Installation
Exercises¶
- Verify Munge authentication across nodes
From the management node, generate a Munge credential and validate it on a remote compute node. Confirm that the credential encodes and decodes successfully on both sides.
Hint / Solution
# Local test
munge -n | unmunge
# Remote test -- pipe a credential to a compute node
munge -n | ssh cpu001 unmunge
# If the remote test fails, check:
# - Is the munge.key identical on both hosts?
# - Is the munge service running on cpu001?
# - Is the clock skew between hosts less than 2 minutes?
systemctl status munge
ssh cpu001 systemctl status munge
- Check SlurmDBD connectivity
Verify that slurmctld can communicate with slurmdbd. Look at the slurmdbd log to confirm the connection is established and the database is reachable.
Hint / Solution
# Check slurmdbd is running
systemctl status slurmdbd
# Verify the database connection from Slurm's perspective
sacctmgr show cluster
# If this returns your cluster name, slurmdbd is reachable
# Check slurmdbd log for connection messages
tail -50 /var/log/slurm/slurmdbd.log | grep -i "connection\|error\|database"
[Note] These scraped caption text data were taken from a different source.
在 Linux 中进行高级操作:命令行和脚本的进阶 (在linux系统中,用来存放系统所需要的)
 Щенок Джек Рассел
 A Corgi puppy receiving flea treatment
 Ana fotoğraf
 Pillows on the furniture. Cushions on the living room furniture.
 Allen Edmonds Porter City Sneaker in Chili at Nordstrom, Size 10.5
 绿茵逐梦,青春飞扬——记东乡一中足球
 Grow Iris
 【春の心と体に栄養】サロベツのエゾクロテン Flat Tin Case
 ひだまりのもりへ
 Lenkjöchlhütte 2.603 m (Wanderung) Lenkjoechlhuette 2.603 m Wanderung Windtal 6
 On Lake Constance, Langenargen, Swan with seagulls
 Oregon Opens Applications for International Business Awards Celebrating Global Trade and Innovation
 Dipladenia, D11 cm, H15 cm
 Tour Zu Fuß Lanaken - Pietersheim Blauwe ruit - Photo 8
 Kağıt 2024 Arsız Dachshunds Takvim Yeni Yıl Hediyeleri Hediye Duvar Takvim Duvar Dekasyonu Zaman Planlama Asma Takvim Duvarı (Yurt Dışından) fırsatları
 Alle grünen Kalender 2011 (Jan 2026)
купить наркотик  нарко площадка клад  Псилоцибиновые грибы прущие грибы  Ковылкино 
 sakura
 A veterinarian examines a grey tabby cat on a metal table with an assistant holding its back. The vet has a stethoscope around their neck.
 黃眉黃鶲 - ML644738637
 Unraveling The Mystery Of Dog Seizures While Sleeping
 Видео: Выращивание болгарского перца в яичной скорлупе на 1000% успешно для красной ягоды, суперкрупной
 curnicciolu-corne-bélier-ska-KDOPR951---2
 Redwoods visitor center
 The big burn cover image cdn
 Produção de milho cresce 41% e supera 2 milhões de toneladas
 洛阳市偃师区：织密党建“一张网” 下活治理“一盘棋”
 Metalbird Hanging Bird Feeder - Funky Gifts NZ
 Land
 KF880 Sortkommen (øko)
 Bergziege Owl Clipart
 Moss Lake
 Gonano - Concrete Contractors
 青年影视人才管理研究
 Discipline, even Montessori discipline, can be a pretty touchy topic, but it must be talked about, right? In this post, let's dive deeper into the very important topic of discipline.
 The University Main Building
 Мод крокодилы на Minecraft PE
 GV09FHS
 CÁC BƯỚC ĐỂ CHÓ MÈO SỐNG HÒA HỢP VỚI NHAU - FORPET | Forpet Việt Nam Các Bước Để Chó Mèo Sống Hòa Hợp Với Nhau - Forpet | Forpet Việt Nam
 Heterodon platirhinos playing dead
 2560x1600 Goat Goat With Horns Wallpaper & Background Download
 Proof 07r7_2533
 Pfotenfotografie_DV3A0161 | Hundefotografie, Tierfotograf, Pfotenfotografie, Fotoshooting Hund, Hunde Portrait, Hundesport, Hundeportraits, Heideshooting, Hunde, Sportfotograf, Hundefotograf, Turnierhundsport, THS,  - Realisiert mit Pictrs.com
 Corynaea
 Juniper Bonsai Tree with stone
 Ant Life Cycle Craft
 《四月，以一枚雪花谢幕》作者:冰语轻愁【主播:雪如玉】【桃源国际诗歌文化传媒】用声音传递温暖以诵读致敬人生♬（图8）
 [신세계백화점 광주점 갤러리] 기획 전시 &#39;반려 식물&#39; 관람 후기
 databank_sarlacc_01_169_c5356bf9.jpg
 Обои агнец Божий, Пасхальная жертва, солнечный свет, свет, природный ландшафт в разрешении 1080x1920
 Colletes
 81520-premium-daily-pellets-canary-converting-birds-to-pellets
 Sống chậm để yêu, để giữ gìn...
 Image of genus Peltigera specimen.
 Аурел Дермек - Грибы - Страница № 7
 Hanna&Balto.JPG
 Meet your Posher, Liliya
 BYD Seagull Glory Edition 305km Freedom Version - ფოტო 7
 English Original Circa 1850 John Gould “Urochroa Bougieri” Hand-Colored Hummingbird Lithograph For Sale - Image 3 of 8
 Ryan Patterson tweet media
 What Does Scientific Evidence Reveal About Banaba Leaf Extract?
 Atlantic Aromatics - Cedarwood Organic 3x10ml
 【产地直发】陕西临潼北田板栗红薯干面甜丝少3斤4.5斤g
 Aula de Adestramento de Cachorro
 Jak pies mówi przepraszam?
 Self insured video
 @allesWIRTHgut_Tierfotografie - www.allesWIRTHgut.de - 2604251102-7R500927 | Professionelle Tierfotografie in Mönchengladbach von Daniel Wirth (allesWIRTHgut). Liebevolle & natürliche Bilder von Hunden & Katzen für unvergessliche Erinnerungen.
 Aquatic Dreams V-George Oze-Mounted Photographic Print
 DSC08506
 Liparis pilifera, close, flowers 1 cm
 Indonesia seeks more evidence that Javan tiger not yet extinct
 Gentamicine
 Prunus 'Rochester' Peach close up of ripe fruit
- Verify the cluster is registered in accounting
Confirm that your cluster appears in the SlurmDBD accounting database. Then verify that a root account exists and at least one user is associated with it.
Hint / Solution
- Test configless mode with sackd
On a login node (or a test node), start sackd pointing at the controller and confirm that it pulls down the Slurm configuration. Verify that Slurm client commands work without a local copy of slurm.conf.
Hint / Solution
# On the login/test node, remove or rename any local slurm.conf
mv /etc/slurm/slurm.conf /etc/slurm/slurm.conf.bak
# Start sackd pointing at the controller
sackd --conf-server mgmt01:6817
# Test that client commands work (they fetch config from sackd)
sinfo
squeue
scontrol show config | head -5
# If successful, sackd fetched the config from slurmctld
# Restore slurm.conf if you're not keeping configless mode
mv /etc/slurm/slurm.conf.bak /etc/slurm/slurm.conf